Recently the Geekdad writer on Wired (who I follow regularly) posted an interesting article on whether the iPad is the death of creation.
The article can be found here:
I agree with his concerns and I think he has raised a valid point. I think it's quite possible to come to the conclusion that Apple users have now become sheep who avidly consume all content which appears the App store. I myself am a case in point as I spend a fair bit of time working on Angry Birds levels. The new Motorola Xoom tablet ad shown during the Super Bowl in the states alluded to this as well showing automatons blinkered from the world quite literally through their hoods but also their headphones. For anyone who missed the Apple allusion the main character was reading 1984 on his tablet.
As a teacher working on the problem of iPads in education the issue of consumption versus creation is a thorny one. I would certainly not want to suggest the use of tablets if they were only consumption devices (eg the Kindle which is a pseudo-tablet) but rather if they were used regularly as creation devices. The Geekdad writer acknowledges that there is some content creation aspect to the iPad but it merely abstracts the nuts and bolts of the technology. I'm not sure what he is getting at but perhaps the following outline of how to approach the iPand and creation versus consumption may help.
I would propose that in assessing the iPad for school one would need to look at three aspects:
- Consumption of Content
- Content Creation
- Assistance with Content Creation
1. Consumption of content
This has to happen regardless of how you view the iPad. One aspect of education itself is being able to make sense of the reams of information available to one and if your device can help you make sense of that then fantastic. The ability to use the iPad to access information in the form of ebooks, websites, RSS readers etc would be a great way for a pupil to harness what they have available to them. Doing it using a form factor which is engaging and simple (no keyboard getting in the way) to use is a plus point.
2. Content Creation
Admittedly this is an area which could grow a bit more as the freedom of full desktop applications such as programming or graphic design applications may not be as readily available for the iPad but as the device grows in power and capability this may change. Certainly there are applications like Brushes which allow for full scale drawing on the iPad and this is a start.
Where I feel the iPad wins is its ability to allow pupils to easily add straight forward written content on social networks and blogs. Does this turn it into a glorified typewriter?

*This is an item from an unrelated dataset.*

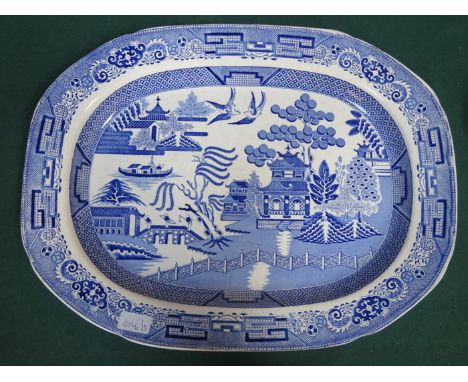 LARGE BLUE AND WHITE WILLOW PATTERN CERAMIC ASHETTE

Possibly but when you consider that these contributions to social networks and blogs open up the avenue towards collaboration with other pupils in not just their own school but other schools as well the iPad becomes a lot more powerful.
3. Assistance with Content Creation
This aspect I am still thrashing out as I only came up with it in response to the article! I have seen pictures of iPads being used in various lessons like Art and Drama or being used as a storyboard utility for pupil film editing. This I feel is a prime example of how the iPad could be used to assist pupils in creating content and work outside of the iPad which has been enhanced or made easier through the use of the iPad.

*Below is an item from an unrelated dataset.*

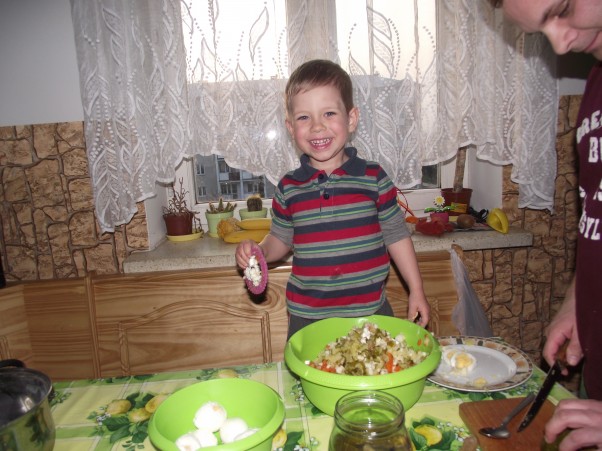 Zdjęcie zgłoszone na konkurs eBobas.pl  Uwielbiam w kuchni ciągle pomagać, więc teraz pomagać bedzie mi tata! \nZ mała pomocą tatusia moja sałatka bedzie pyszniutka.    Mały kuchcik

In conclusion I would say the iPad does have a way to go before it becomes a must use utility in schools. I am wary of schools which have simply rolled them out and hoped the educational usage will come to them after that – I think that is an irresponsible way of doing it and could probably put off staff and pupils if managed badly. School's need bullet proof plans for rolling them out especially if one looks at the cost not just of the devices (I can't even afford one yet) but also of the support systems such as Wi-Fi.
Effective and critical questioning from parents such as the sentiments expressed in this article are valid and necessary in being able to see a way forward for iPads. I hope we get there at some point as I think they are brilliant devices.